More specifically, the project has (among others) a news application
and a portfolio application. An item of news might reference multiple
items from the portfolio application, so we define a m2m relationship
between the news item class and the appropriate portfolio classes
(there are two that are relevant). At the same time, in the portfolio
we want to be able to link to any relevant news items, but we _also_
want to provide a way to prevent specific news items from showing up
when looking at certain portfolio items.

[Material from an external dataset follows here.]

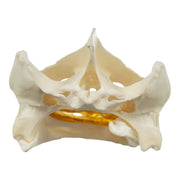 Real Snapping Turtle Skull - Pathology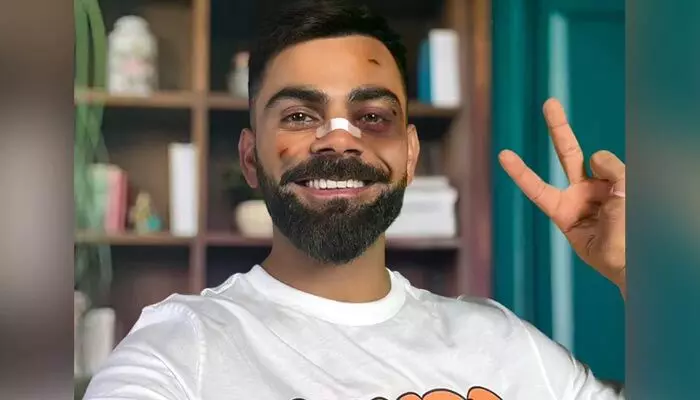 Virat Kohli: ముఖానికి గాయాలు.. ముక్కుపై బ్యాండేజ్.. కోహ్లీకి ఏమైంది..? Virat Kohli: ముఖానికి గాయాలు.. ముక్కుపై బ్యాండేజ్.. కోహ్లీకి ఏమైంది..?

So it's not sufficient to
just look at the news items related to a portfolio item through the
existing m2m relationship, we also have to be able to define a
separate list of news items.

It's a little unnecessarily complex, I know, but it's what the client
wants and, if at all possible, I'd like to do it this way rather than
having to justify a change in functionality to the client.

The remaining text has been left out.